Adivinho no leitor mais impaciente algumas, diria mesmo, muitas reticências. Que verbalismo, que verborreia, que dislate de demonstração! Vá-se lá acreditar que a simples mudança de língua vai causar tanta desgraça! Pois é esse o ponto. É que não é a mudança de língua que causa a desgraça, mas a desgraça que favorece a mudança da língua. Depois desta última consumada, apenas se alimenta o terreno da desgraça.


A alergia que vejo em relação não apenas à língua francesa, mas igualmente ao país e ao povo, sobretudo nos meios tecnocráticos, mostra o desvio que existe entre a representação do poder e a realidade ela mesma. Execram no francês um poder que estes já não têm, assim como aceitam nos ingleses a arrogância que ainda mantêm em relação ao resto da Europa por se terem submetido aos americanos. O que não percebem estes cidadãos é que contribuem assim para o enfraquecimento da Europa. Desprezar a França é sempre desprezar a Europa. A gosto ou a contragosto, mais nenhuma potência cultural foi hegemónica tantas vezes e durante tanto tempo como a França – o desprezo da França é apenas um epifenómeno de uma verdade bem mais vasta, a do desprezo da Europa.

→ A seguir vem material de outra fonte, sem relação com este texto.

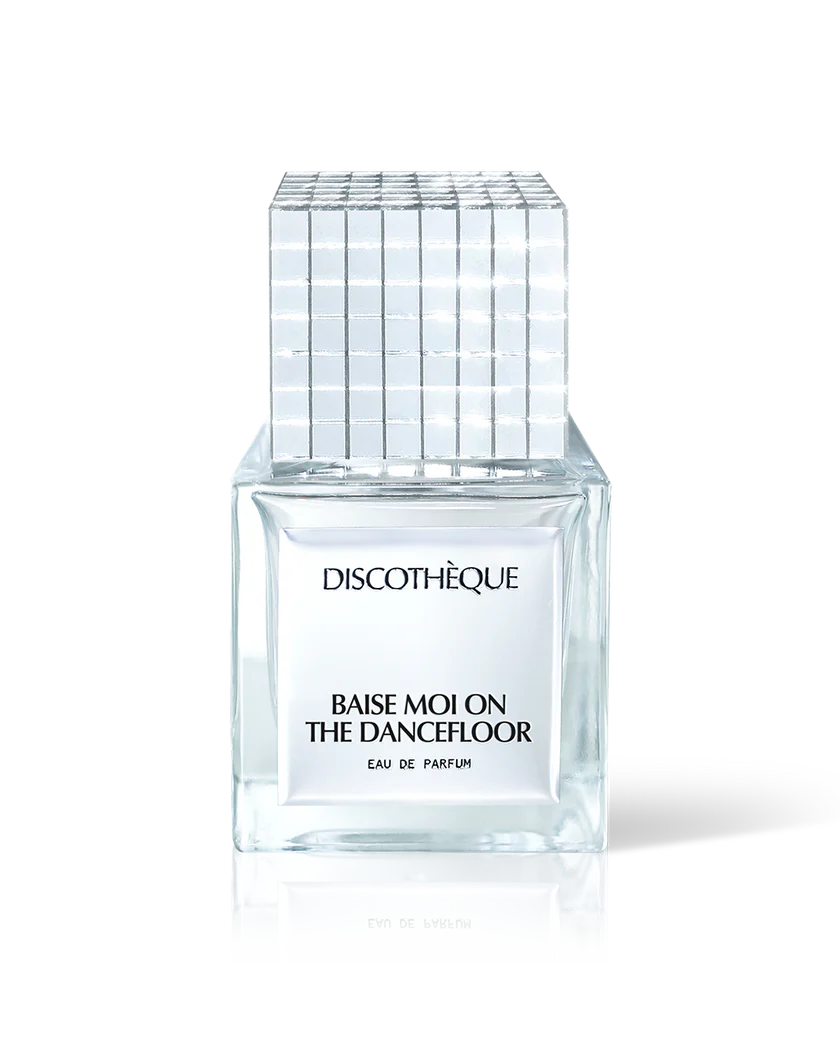 DISCOTHEQUE Baise moi on the dancefloor cod 4017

Porque se passarmos pela História da Europa, vemos que nasce em França a primeira literatura vernácula europeia consistente, e que em múltiplos saltos de esplendor encontramos em muitos séculos picos de apogeu cultural. Os trovadores, mas igualmente a poesia de Avinhão, que marcou Petrarca, Ronsard, Rabelais, mais tarde o Grande Século de Racine e Molière, no século XVIII escritores que iniciam o movimento do romance na Europa continental, no XIX Hugo, Balzac, Flaubert, no XX Proust, Gide... Paris é o centro da cultura com a Sorbonne na Idade Média, Abelardo e São Tomás de Aquino é em Paris que florescem. É o centro da matemática, da física e da química entre o fim do século XVIII e o início do século XIX, ainda no século XX oferece homens como Bergson, Broglie, e a mais pujante (embora por vezes, reconheço-o, enfadonha) diversificação das ciências humanas. Ainda hoje em dia é o país do mundo que produz dos maiores matemáticos. E para quem só respeita dados económicos é dos países com das maiores produtividades por hora do mundo, um dos maiores exportadores do mundo, a maior potência turística do mundo.

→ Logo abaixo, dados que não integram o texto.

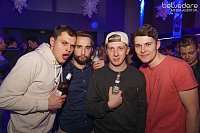 Bild: Party im Jugendclubhaus in Nordhausen - der Samstag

É certo que um país pode ser poderoso política, económica mas de igual forma culturalmente, e ser no entanto irritante. E é certo que sou insuspeito, porque sou o primeiro a agastar-me quando pretendem exportar discursos como o da pátria dos direitos do homem (neste aspecto, os seus herdeiros são os americanos), do laicismo ou outros elementos meramente folclóricos da cultura francesa. Se de um lado me derem a escolher Poincaré, Fourier (falo dos cientistas, não dos homónimos conhecidos dos políticos), Broglie, Racine e Molière e do outro tiver à minha frente Robespierre, Marat, Mirabeau, Gambetta ou Thiers, a minha escolha está feita de há muito. Reconhecendo os méritos dos segundos, conheço-lhes demais as mediocridades e mesquinhez para os admirar de sobremaneira.

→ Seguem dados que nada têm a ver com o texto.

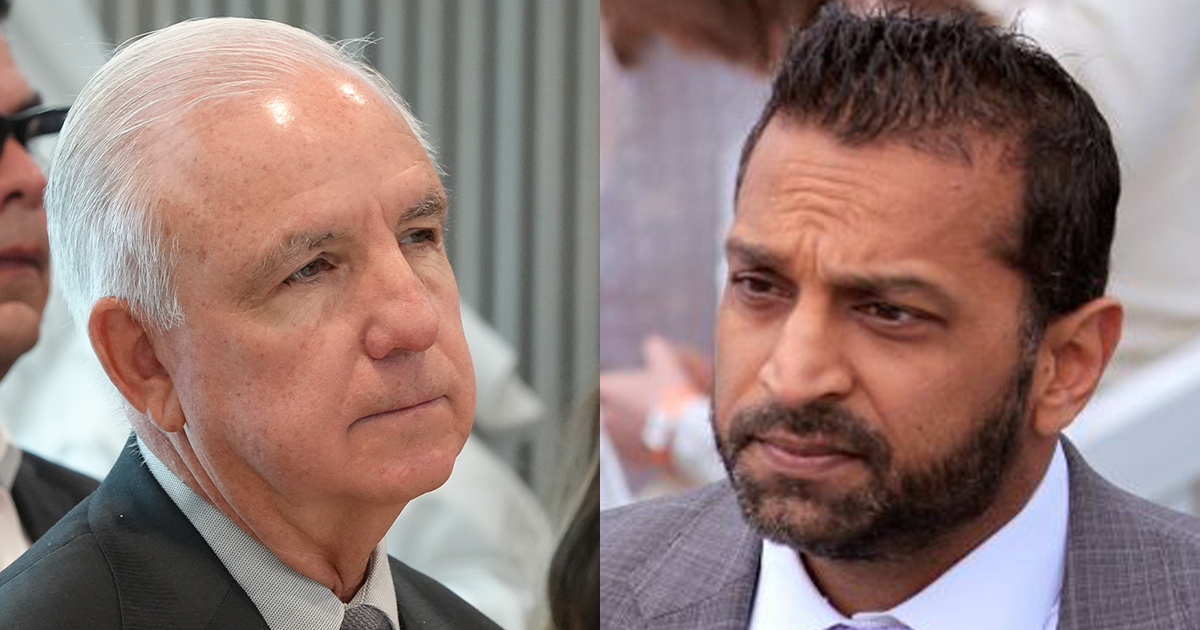 Anuncio del FBI sobre despliegue federal en Miami divide a legisladores de Florida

Ninguém se agasta mais com a retórica de exportação da França quanto eu. Porque em geral as retóricas de exportação são produtos de fancaria e porque no caso francês são injustas por diminuírem a grandeza do país. Mas a França pertence aos países de Verdun, aos países do império carolíngio, e foram eles o principal motor da aventura europeia, tenhamos a lucidez e, se se preferir, a humildade, de o reconhecer, nós que não fazemos parte desse núcleo central.

Da minha parte sempre me pareceu da mais elementar justiça admirar a grandeza, tanto quanto desprezar a pequenez. E creio não me deixar iludir na matéria. Um mundo onde se ataca o francês, ataca-se uma cultura, uma civilização. Tenta-se atacar o núcleo dessa civilização. Quem o faz pretende a bem ou a mal um mundo uniforme, a planura, e que o centro do poder esteja fora da Europa. Não gosta de países nem de culturas com vontade própria, salvo se essa vontade for alheia à Europa. Em suma, no dia em que se deitar fora o francês para renascer a poliglotia com o alemão, o italiano, o russo, o espanhol e o inglês, poderia ficar descansado com a qualidade dos sucessores. Mas se apenas se pretende a monotonia do inglês do indígena colonizado, apenas se será secundado pelos analfabetos, os submissos e os enfadonhos. Para quem a vida é um bocejo, que se sinta bem servido.